Cleanup HTML Code after Word-to-HTML Conversion

Good Morning,

I’m using Aspose.Word for .NET in a project and so far so good. I’m able to convert a Word Document to HTML and present the resultant HTML code to the user in an online editor for further editing before saving to a database. However, I’d like to cleanup the convered HTML code a little, before the user gets it. Meaning, I’d like to strip down the HTML code to its simplest form by removing all the extra stuff the conversion creates; that is, I only want <p> tags, <li> and <ul> tags, <h1-6> tags, <strong> tags, etc. No <Span> tags, <meta>, <div> or styling info.

I’ve come across some C# Code by others that uses Regular Expressions (regex) to clean up the Word HTML code, but it’s not complete and Regular Expressions are somewhat painful to use – at least for me.

So my question is whether or not Aspose.Words for .NET has any built in HTML cleanup functionality that one could implement as part of the Word to HTML conversion process, or does Aspose know of a routine / technique for Cleaning HTML code that has been converted from a Word Document in .NET 2.0 C#.

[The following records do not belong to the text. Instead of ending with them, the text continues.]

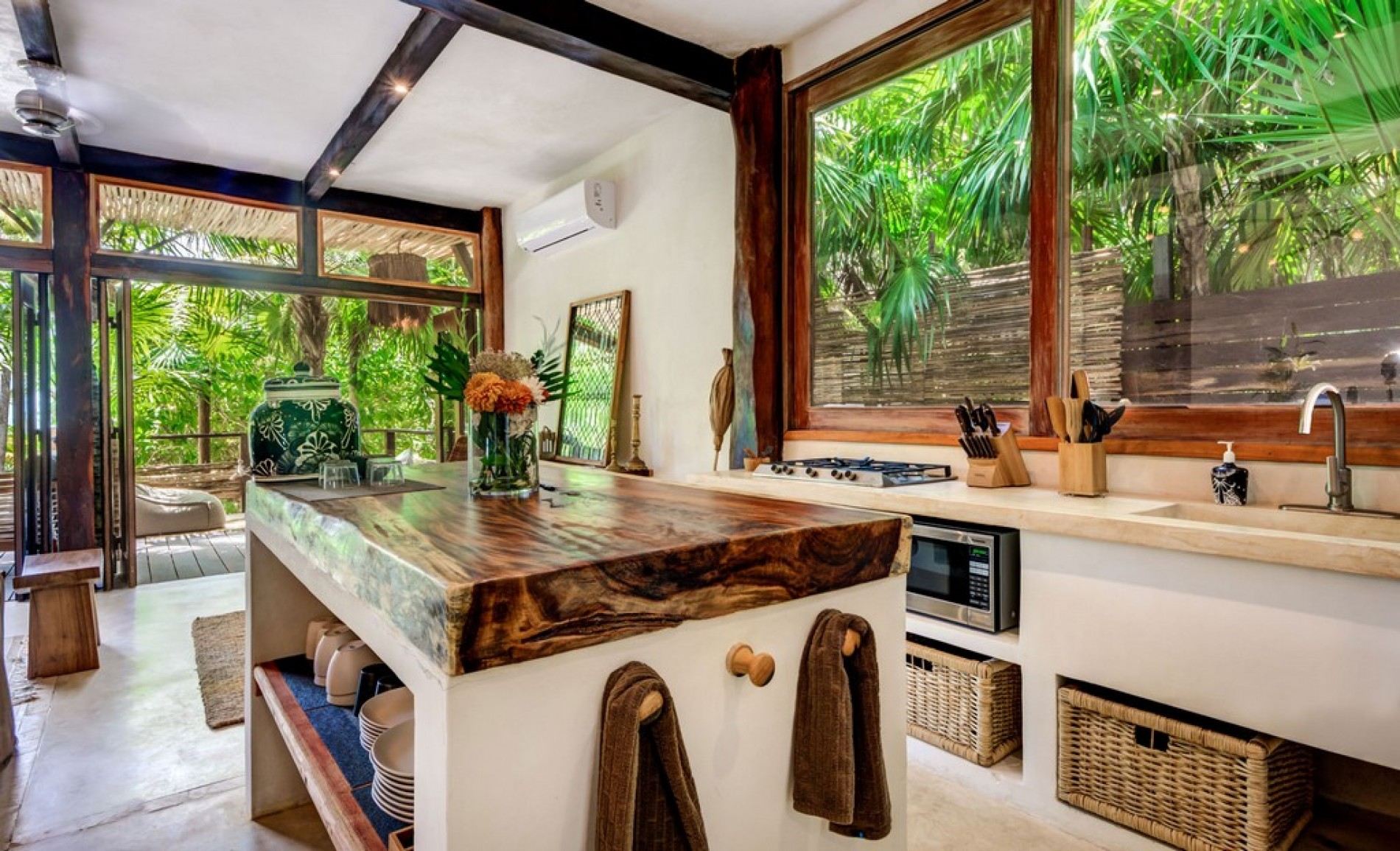 Casa Chechen Penthouse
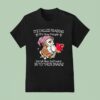 Owl It S Called Reading It S How People Install New Software In To Their Brains T Shirt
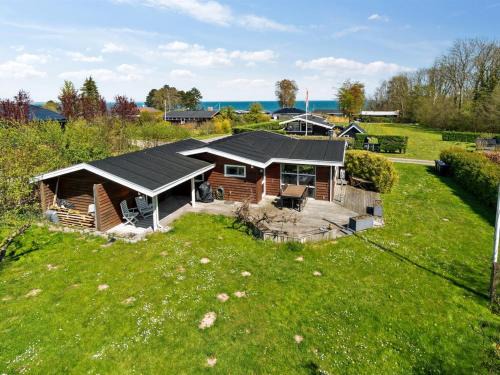 Frørup House | Holiday Home Bjarke - 200m from the sea by Interhome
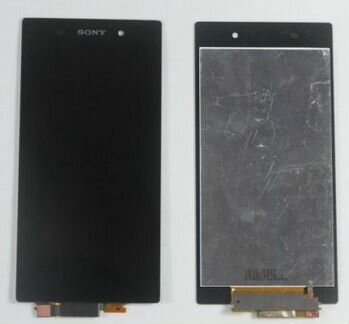 Дисплейный модуль Sony Xperia Z1 C6902 C6903 C6906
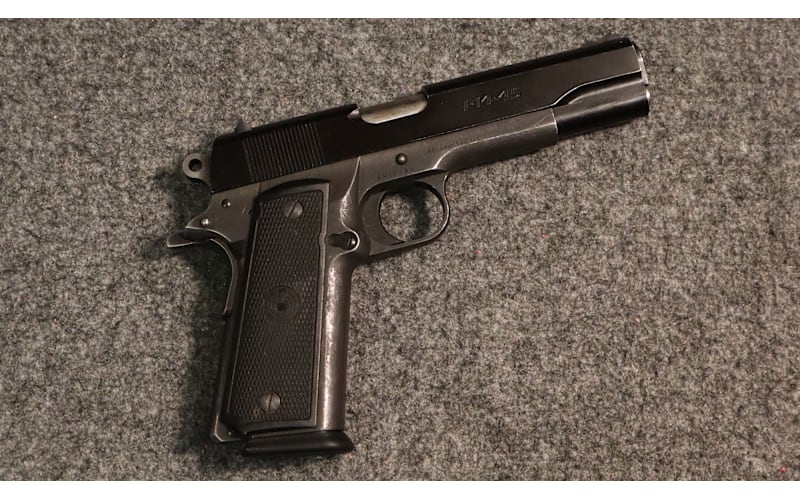 Para Ordnance ~ P14 ~ .45 ACP | Mack's Prairie Wings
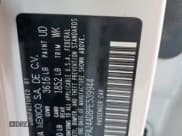 ✅ 2023 Kia Rio S • VIN: 3KPA24AD8PE539944 • Lot: 49712485. Listed on Copart with 19,271 mi. Free auction sales archive from the USA and detailed vehicle history report at DreamBid. Image 14.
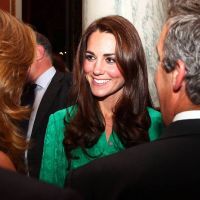 Kate Middleton : Une pierre précieuse qui brille dans le palais
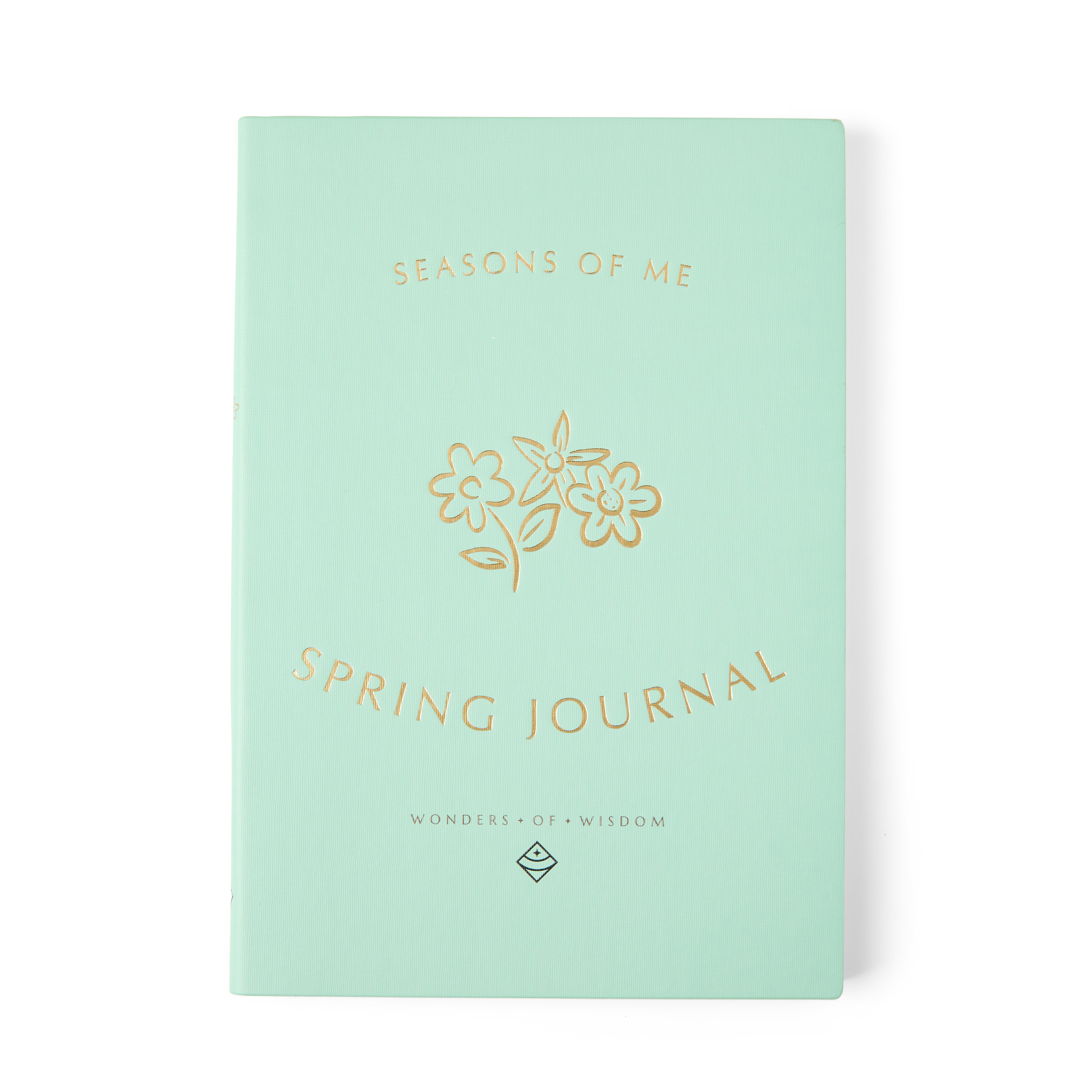 Journey of I AM – Children's Evolving Through the Seasons Journals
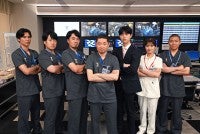 『ブラックペアン シーズン2』完全オリジナルサイドストーリー、7.11放送＆先行配信決定！主演は今野浩喜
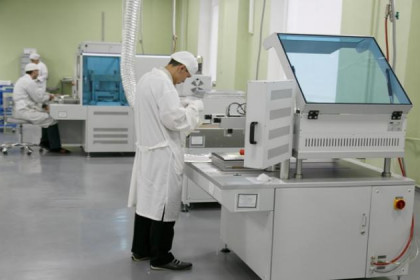 Завод нанокерамики выпустит в 3 раза больше протезов 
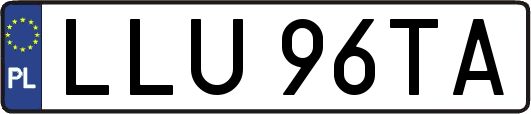 LLU96TA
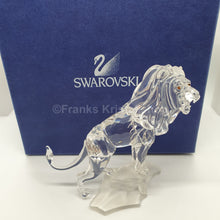 Lade das Bild in den Galerie-Viewer, SWAROVSKI Berglöwe Löwe 269377
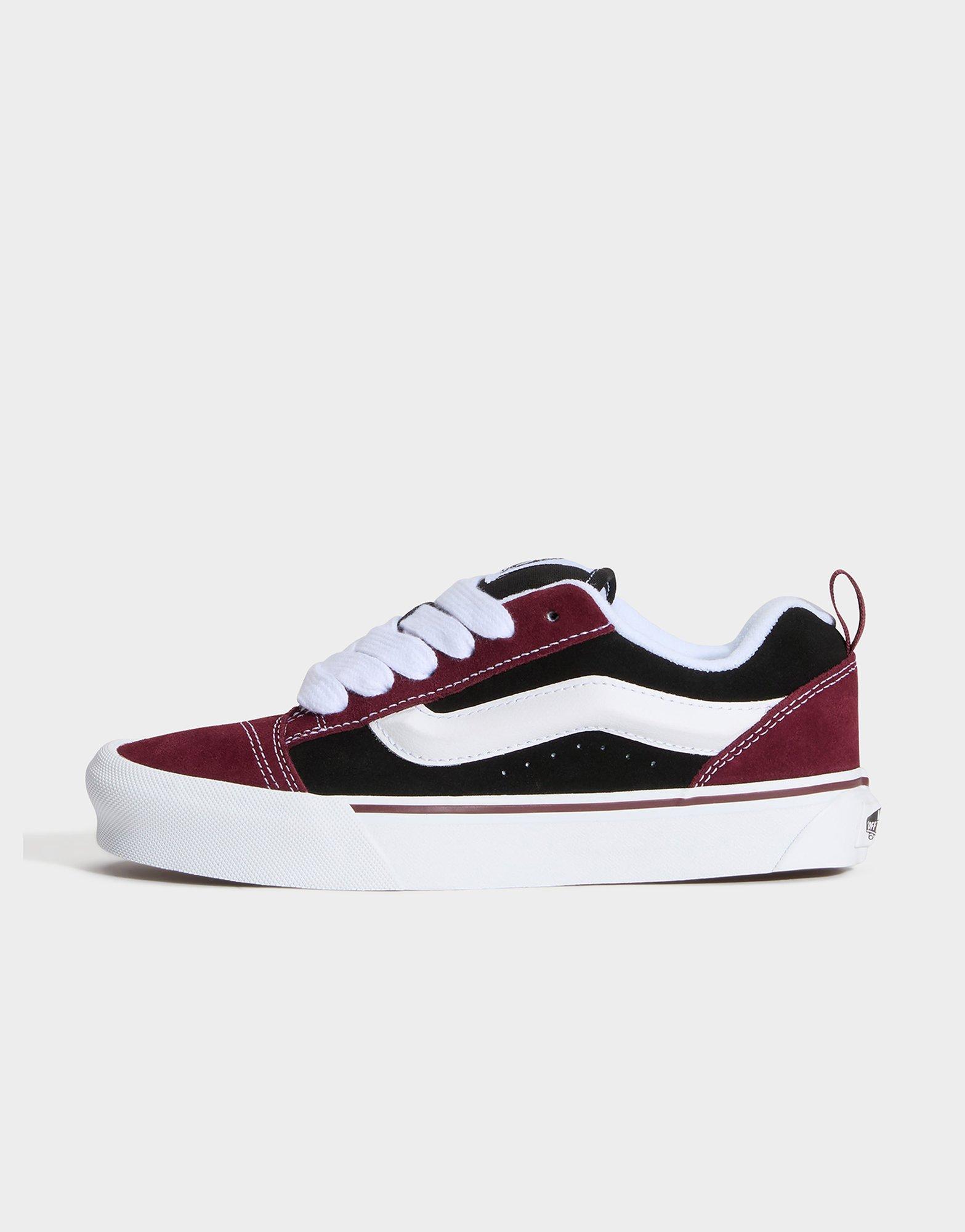 Vans Knu Skool Junior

Thanks any help or insight,

Hi

Thanks for your inquiry. There is no way to “Clean up” HTML using Aspose.Words. However, exporting CSS into a separate file could help you to simplify your process:
https://reference.aspose.com/words/net/aspose.words.saving/htmlsaveoptions/cssstylesheettype/
In this case, to clean HTML you will need just remove class attribute from HTML elements.
Hope this helps.
Best regards,